This week’s VHS is the instantly recognizable 1987 John Hough joint, American Gothic.
A group of vacationers end up stranded on an island inhabited by a family of psychos.
I have no real excuse as to why I hadn’t watched American Gothic until now. I guess I just got distracted by flashier stuff I suppose. The movie isn’t anything special, but the fact it was directed by John Hough is significant. His earlier works for Disney, The Watcher in the Woods and both Witch Mountain flicks, were some of my first encounters with the fantastical as a kid. I owe him a debt for his contribution to my love of genre film for sure.
This one, however was a bit problematic mainly due to all the protagonists, save the lead played by Sarah Torgov (she’s got her own problems) were complete fucking assholes.

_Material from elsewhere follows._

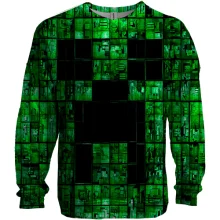 3D свитшот Minecraft - Крипер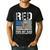 RED Friday For My Dad Military Veteran Deployed Men's Casual T-Shirt Black RED Friday For My Dad Military Veteran Deployed Men's Casual T-Shirt Black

I think that only one character was supposed to be the stereotypical jerk, but they were all fairly unlikable. I mean who walks into someone’s house and starts messing with their shit, even putting on clothes! Considering how homicidal Ma & Pa were, I think they handled that first interaction quite well.
|Hicks vs Dicks.|
Even the husband (Mark Erickson) – who dragged his wife out into the wilderness right after she was discharged from the loony bin – made some deplorable comment to the effect of, oh yeah my wife, the wet blanket. You brought her here, dude!
The movie was a fairly pedestrian affair until the three “children” showed up (one of whom was consummate character actor Michael J. Pollard) and the killing started. While even that wasn’t particularly bloody, at least it was fulfilling to see all these idiots being punished for their sins. If you’ll indulge me in a completely random observation, two deaths in this movie are almost exactly the same as those in the 2017 video game What Remains of Edith Finch. Totally unrelated of course, it’s just one of those completely inexplicable parallels.
|Janet Wright as Fanny in American Gothic.|
American Gothic was fairly standard in execution, but did score points for straying into the bizarre. It might not be as entertainingly bonkers as Freddie Francis’ similarly themed 1970 film Girly, but – what is? – its last fifteen minutes did veer in an unexpected direction that elevated it somewhat.